Meta superintelligence push to drive huge demand for storage

Meta is eyeing a massive AI datacenter expansion program with the chosen storage suppliers set for a bonanza.

CEO Mark Zuckerberg announced on Facebook: “We’re going to invest hundreds of billions of dollars into compute to build superintelligence. We have the capital from our business to do this,” referring to Meta Superintelligence Labs.

“SemiAnalysis just reported that Meta is on track to be the first lab to bring a 1 GW-plus supercluster online. We’re actually building several multi-GW clusters. We’re calling the first one Prometheus and it’s coming online in ’26. We’re also building Hyperion, which will be able to scale up to 5 GW over several years. We’re building multiple more titan clusters as well. Just one of these covers a significant part of the footprint of Manhattan.”

Facebook’s Hyperion datacenter illustration

The SemiAnalysis post says Meta is involved in “the pursuit of Superintelligence” and its Prometheus AI training cluster will have 500,000 GPUs, draw 1,020 MW in electricity, and have 3,171,044,226 TFLOPS of performance. This Prometheus cluster is in Ohio and has three sites linked by “ultra-high-bandwidth networks all on one back-end network powered by Arista 7808 Switches with Broadcom Jericho and Ramon ASICs.” There are two 200 MW on-site natural gas plants to generate the electrical power needed. 

Prometheus sites in Ohio

SemiAnalysis talks about a second Meta AI frontier cluster in Louisiana, “which is set to be the world’s largest individual campus by the end of 2027, with over 1.5 GW of IT power in phase 1. Sources tell us this is internally named Hyperion.”

Datacenter Dynamics similarly reports that “Meta is also developing a $10 billion datacenter in Richland Parish, northeast Louisiana, known as Hyperion. First announced last year as a four million-square-foot campus, it is expected to take until 2030 to be fully built out. By the end of 2027, it could have as much as 1.5 GW of IT power.”
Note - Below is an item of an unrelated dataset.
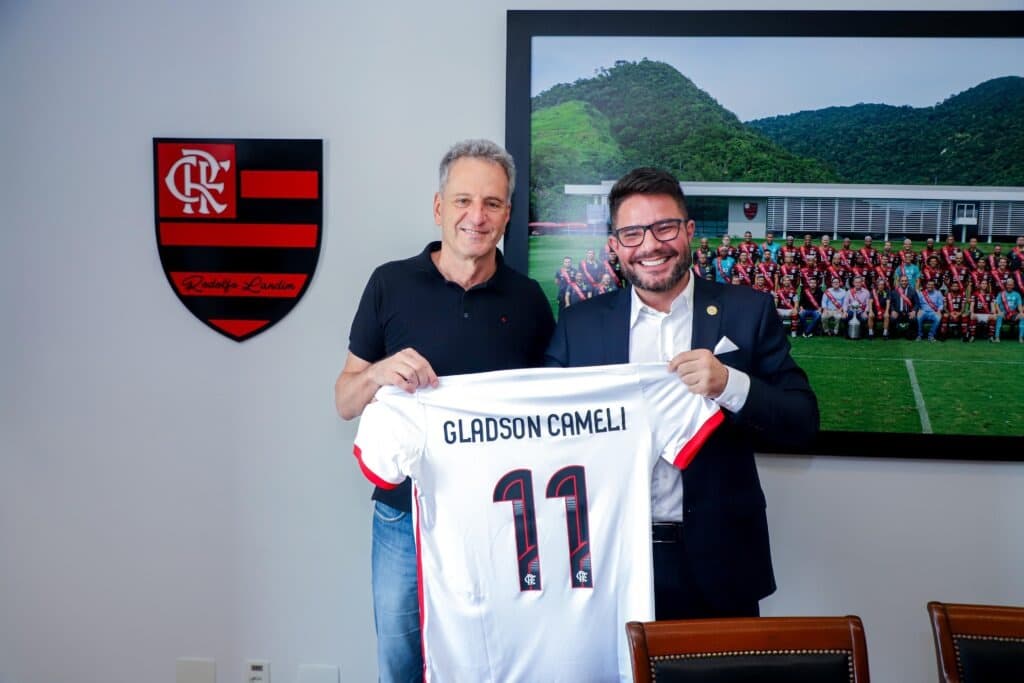 Landim e Governador do Acre com a camisa do Flamengo.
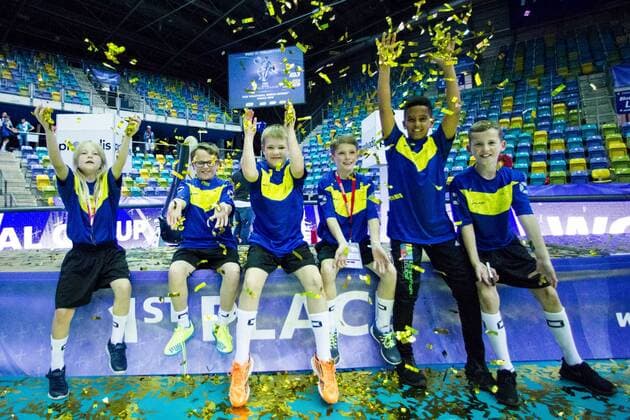 Ballkinder; FIVB Volleyball World League Group 3 Finals, fraport Arena, Frankfurt (Main) Germany, 20160702: 1st place match: Germany vs Slovenia (Deutschland gegen Slowenien) Frankfurt (Main) Copyright: Wuechnerx xEibner-Pressefoto EP_nwr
Zuckerberg says: “Meta Superintelligence Labs will have industry-leading levels of compute and by far the greatest compute per researcher. I’m looking forward to working with the top researchers to advance the frontier!” These Superintelligence Labs will then be based on the 1 GW Ohio Prometheus cluster with 500,000 GPUs, the Hyperion cluster in Louisiana with 1.5 GW of power, and by extrapolation 750,000 GPUs in its Phase 1, and “multiple more titan clusters as well.”
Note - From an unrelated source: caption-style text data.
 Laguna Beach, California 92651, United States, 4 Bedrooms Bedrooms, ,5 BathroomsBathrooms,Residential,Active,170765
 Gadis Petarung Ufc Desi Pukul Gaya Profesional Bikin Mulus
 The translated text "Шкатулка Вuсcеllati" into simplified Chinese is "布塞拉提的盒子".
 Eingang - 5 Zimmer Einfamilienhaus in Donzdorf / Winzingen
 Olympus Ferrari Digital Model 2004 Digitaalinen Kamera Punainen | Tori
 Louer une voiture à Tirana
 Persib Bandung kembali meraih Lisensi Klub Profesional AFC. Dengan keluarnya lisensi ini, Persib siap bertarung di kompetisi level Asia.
Assuming three additional clusters, each with a Prometheus-Hyperion level of power, we arrive at a total of between 2.75 and 3 million GPUs. How much storage will they need?

In January 2022, a Meta AI Research SuperCluster (RSC) had 760 Nvidia DGX A100 systems as its compute nodes for a total of 6,080 GPUs. These needed 10 PB of Pure FlashBlade storage, 46 PB of Penguin Computing Altus cache storage, and 175 PB of Pure FlashArray storage:

That’s 185 PB of Pure storage in total for 6,080 GPUs – 30.4 TB/GPU. On completion, this AI RSC’s “storage system will have a target delivery bandwidth of 16 TBps and exabyte-scale capacity to meet increased demand.”
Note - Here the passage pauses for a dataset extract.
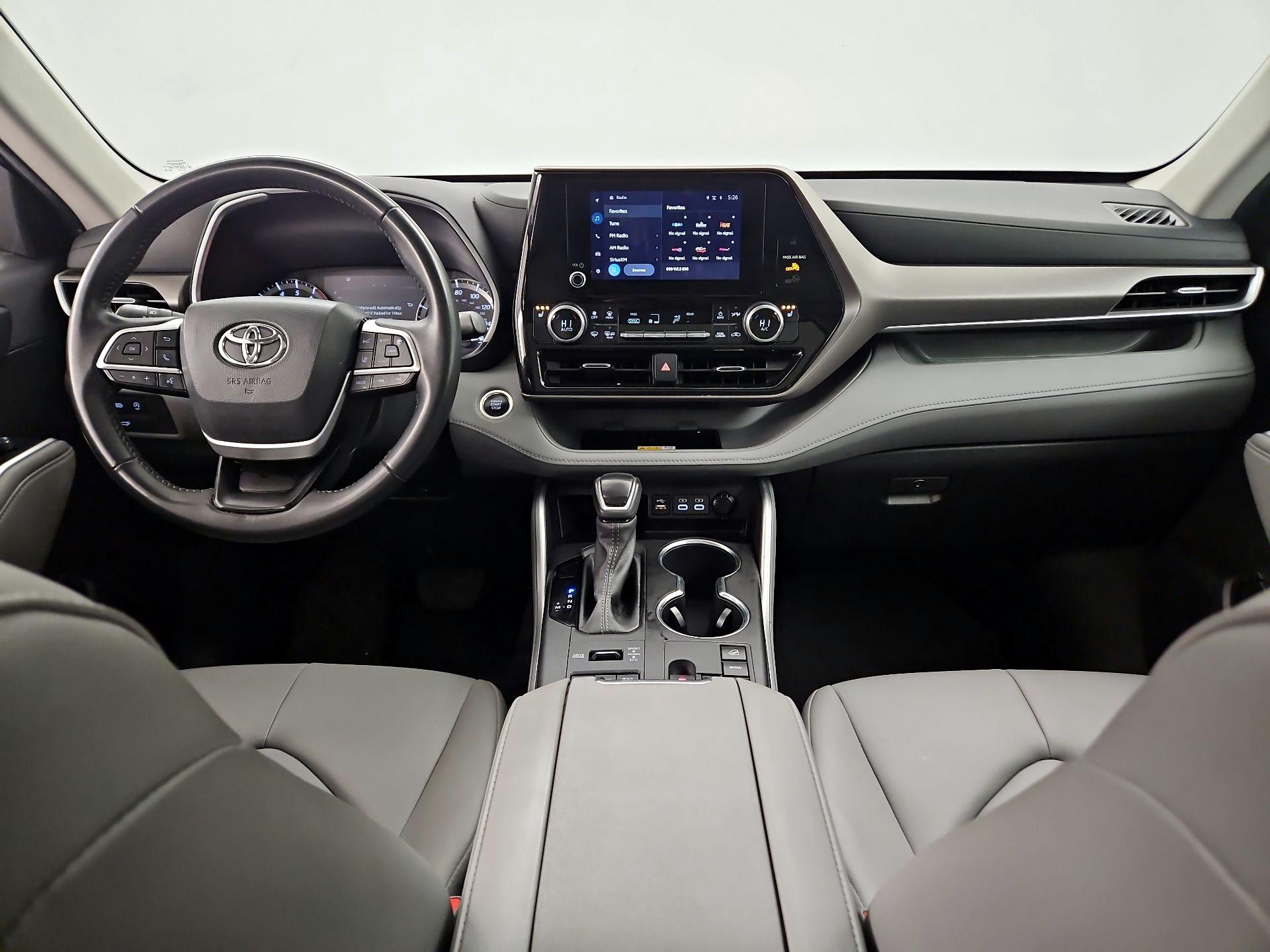 Thumbnail: 2024 Toyota Highlander - 9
Subsequent to this, Pure announced in April that Meta was a customer for its proprietary Direct Flash Module (DFM) drive technology, licensing hardware and software IP. Meta would buy in its own NAND chips and have the DFMs manufactured by an integrator. Pure CEO Charlie Giancarlo said at the end of 2024: “We expect early field trial buildouts next year, with large full production deployments, on the order of double-digit exabytes, expected in calendar 2026.”

A March 2024 Meta blog discussed three tiers of Meta datacenter storage: 

  • HDD – the lowest performance and the bulk data tier with 20-30 TB/drive
  • QLC SSD – the capacity tier and medium performance with 64-150 TB/drive
  • TLC SSD – the performance tier with 8-16 TB/drive

Meta will, we can assume, be buying both HDD and flash storage for its AI superclusters, with Pure Storage IP being licensed for the flash part and NAND chips bought from suppliers such as Kioxia and Solidigm. How much flash capacity? Training needs could be 1 PB per 2,000 GPUs, while inference could need 0.1 to 1 TB per GPU, so halve the difference and say another 1 PB per 2,000 GPUs.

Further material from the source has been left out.